Aku percaya bahwa saat malam dan tengah malam tiba, jiwa manusia bisa menjadi sejujur itu. Menjadi nyata, terang, dan jelas. Hanya malam yang tahu, penuh dan kosongnya sebuah jiwa, hingga tak mungkin lagi bisa mengelak. Dia bisa mengingat apa yang seharusnya, memanggil apa yang sudah semestinya, dan mencari apa yang dimauinya. 

Mungkin itu menjelaskan mengapa malam bisa menjadi sangat panjang, saat sebuah jiwa sedang berantakan. Mungkin itu juga menjadi alasan, mengapa langit terbuka dan menangkap semua harapan saat malam.

Mungkin malam memang sengaja dicipta, agar semua jiwa-jiwa punya pikiran yang jernih tentang apa yang dia mau, dan siapa yang dia rindu. 


Tentang Kabar

Dia pernah datang padaku, berdarah dan terluka.

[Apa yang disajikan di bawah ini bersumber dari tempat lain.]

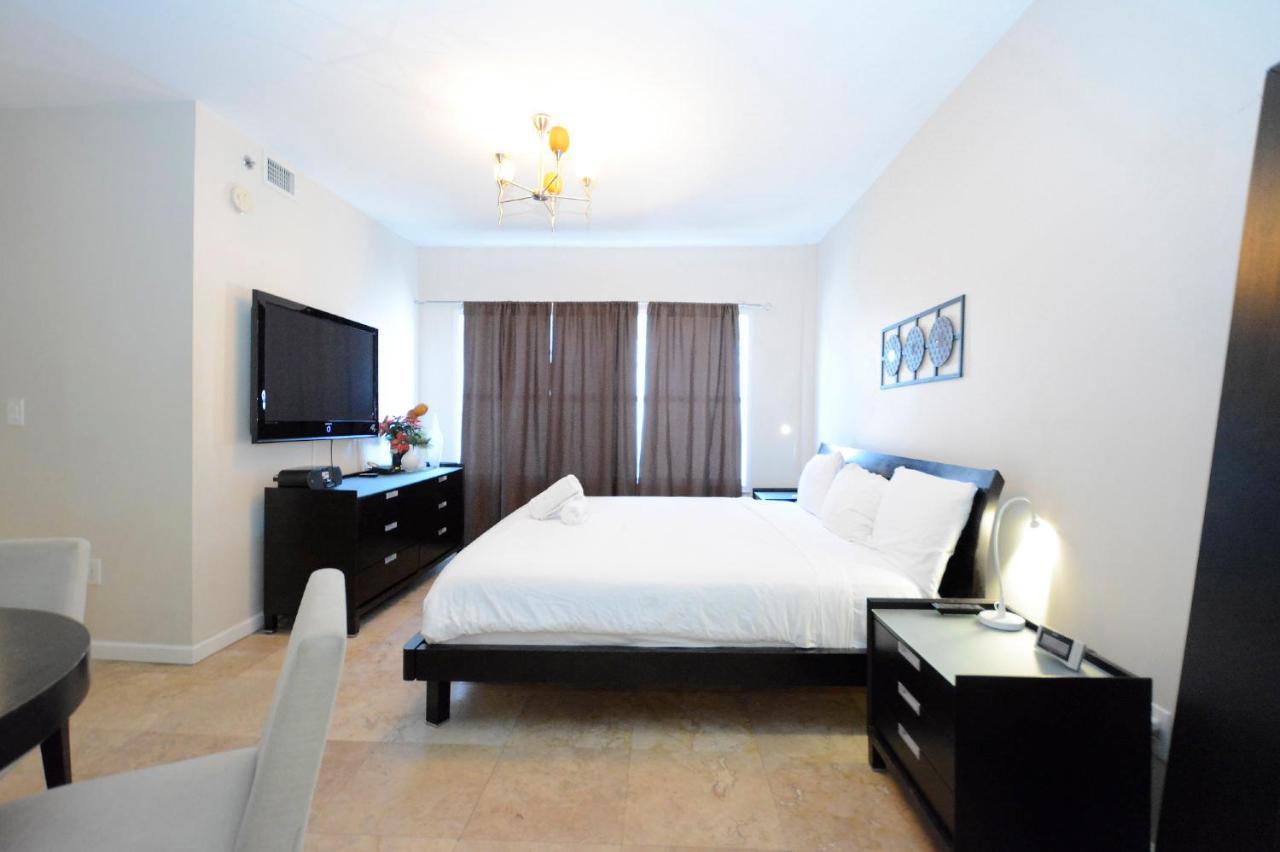 Apartments On Ocean Drive Miami Beach Esterno foto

Hampir sekarat.
Di tengah semua kebingungan, aku tidak pernah benar-benar tahu apa yang bisa aku lakukan, atau apa yang sebenarnya dia butuhkan.

Tapi karena dia sudah datang, walau tidak begitu jelas apa maksudnya, maka aku mencoba merawat sebisanya.

Saat kini, tidak banyak yang aku tahu tentangnya, aku kadang bertanya-tanya, apakah dia masih sekarat? Apakah lukanya benar-benar pulih?